In the records below, the relevant part opens with the line containing "Frosted Eucalyptus Leaf and Berry Branch" and closes with the line containing "Nike Shox, white/ pink/ red, size 4"; print that part exactly and only, without its pictures.

_Provided records_
■ ■ ■ ■ ■

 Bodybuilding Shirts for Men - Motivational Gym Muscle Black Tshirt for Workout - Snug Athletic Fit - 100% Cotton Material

■ ■ ■ ■ ■

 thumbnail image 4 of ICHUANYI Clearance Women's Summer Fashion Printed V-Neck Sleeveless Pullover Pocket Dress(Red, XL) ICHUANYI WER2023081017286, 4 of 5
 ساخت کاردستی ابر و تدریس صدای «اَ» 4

■ ■ ■ ■ ■

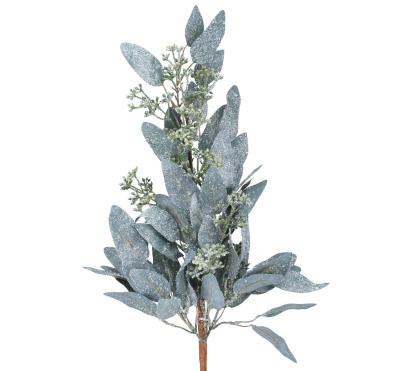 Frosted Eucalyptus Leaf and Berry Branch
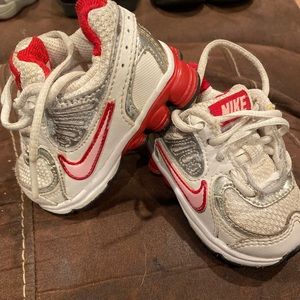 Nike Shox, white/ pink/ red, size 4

■ ■ ■ ■ ■

_Result for this task_
 Frosted Eucalyptus Leaf and Berry Branch
 Nike Shox, white/ pink/ red, size 4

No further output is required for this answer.